Source.—Nicholas Trivet's Annals, pp. 281-283. (English Historical Society Publications.)
Edward, King of England, eldest son of Henry the Third by Eleanor, daughter of the Count of Provence, had completed thirty-three years and five months of his life on the day when he succeeded his deceased father on the throne. He was a man of experience and prudence in affairs, devoted from boyhood to the exercise of arms, in which in different parts he had gained such fame as a warrior that he easily excelled the Princes of his time throughout the whole Christian world. In build he was elegant and of commanding stature, towering head and shoulders above the people; his hair, which in boyhood turned from a colour wellnigh silver to yellow, and in youth became black, beautified his old age with its snowy whiteness. His forehead, like the rest of his face, was broad, though the drooping of the left eyelid recalled his father's expression. He spoke with a lisp, but yet did not lack a ready power of persuasion in argument. His arms were supple, in proportion to his body, and supremely fitted in the strength of their sinews for the use of the sword. His girth was greatest round the chest. The length of his lower limbs enabled him to keep a firm seat in riding and leaping with spirited horses. When not engaged in feats of arms, Edward indulged in hawking and hunting, especially the hunting of deer, which he used to pursue on a fleet racehorse, and when he had come up with them, to pierce with a sword instead of a hunting-spear....

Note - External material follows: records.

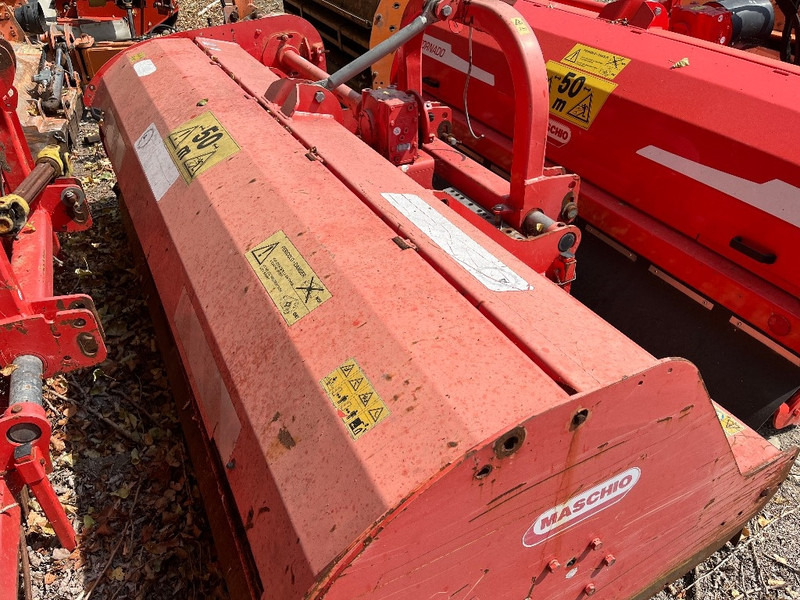 Maschio Tornado 280 - Broyeur à axe horizontal: photos 4 Maschio Tornado 280 - Broyeur à axe horizontal: photos 4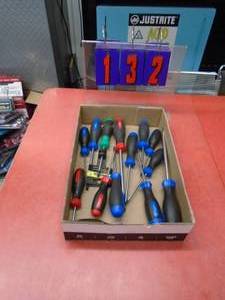 lot 132 image: Flat of new screwdrivers with regular & security torx. As shown.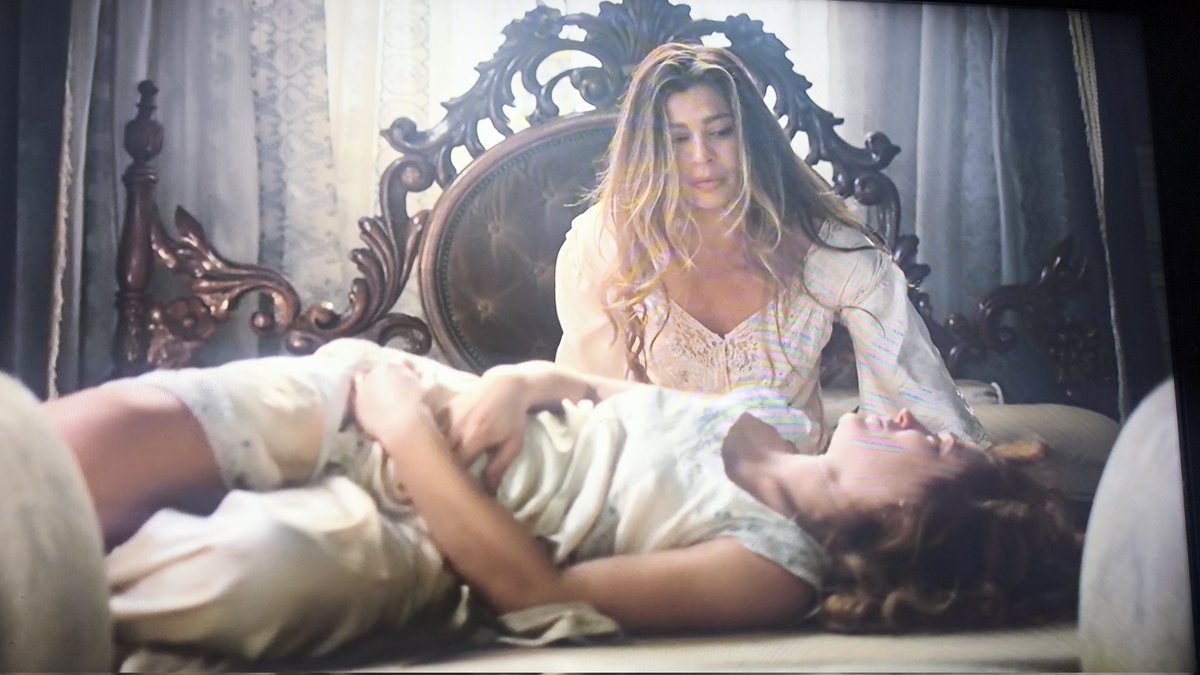 MeryMedeirox's tweet image. Duas trouxas brigando por um lixo de homem que é o Antônio 🤮

#DonaBeja #cap18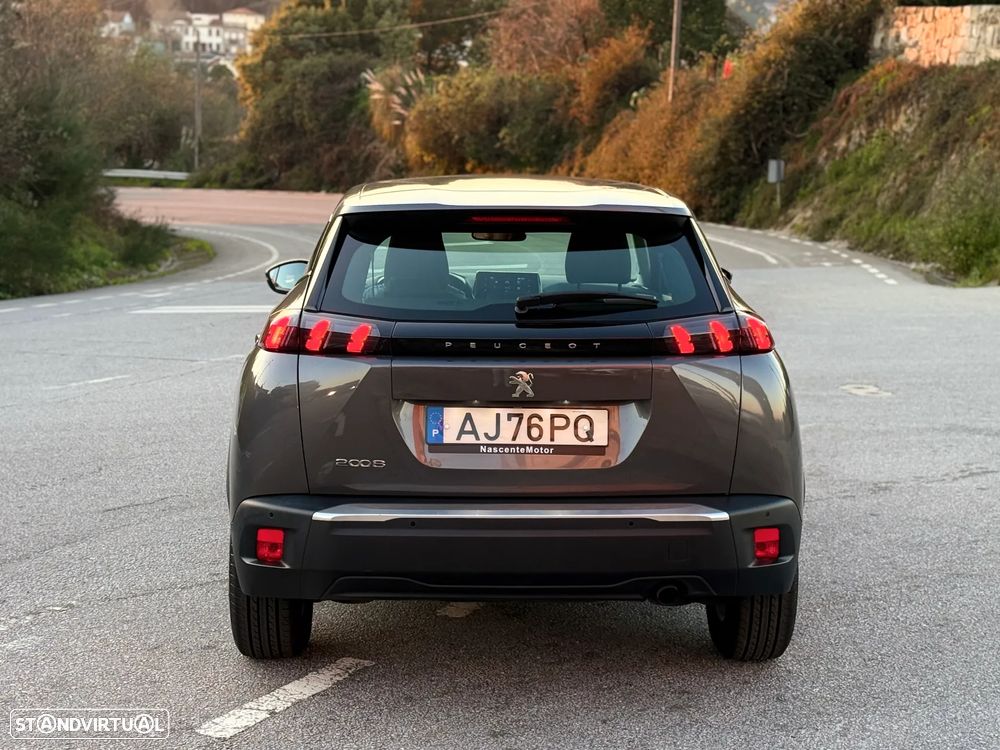 Peugeot 2008 1.2 PureTech Active Pack - 12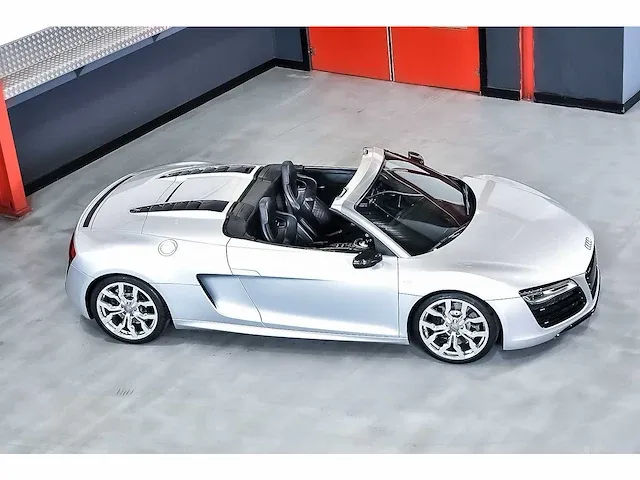 Audi r8 convertible 5,2l v10 fsi - 2015 - afbeelding 25 van  88
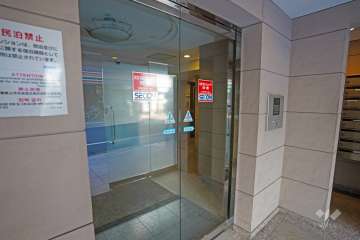 エントランスはオートロック付きです。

In spirit he was magnanimous, intolerant of insult, and apt to forget the presence of danger in his desire for revenge, though his passions cooled easily on the culprit showing sorrow at his presumption. For example, when on one occasion he was engaged in the sport of falconry near a riverbank, he reproved one of his companions for carelessness regarding a falcon which had caught a duck amidst the willows; but the other, seeing that there was neither bridge nor ford near, lightly replied "that it was sufficient for him to have the river between them"; whereat the King's son, exasperated, entered the water on his horse, though he knew not the depth, forced the animal to swim across, and, ascending with difficulty the steep opposite bank, hollowed out by the rush of the waters, drew his sword and pursued his companion, who had now mounted and ridden off. Finally, the latter, giving up all hope of escape, wheeled his horse round, bared his head, and offered his neck to Edward's will. The King's son, however, softened by this surrender, replaced his sword in its sheath, and the two returned together peacefully, to attend to the needs of the abandoned falcon.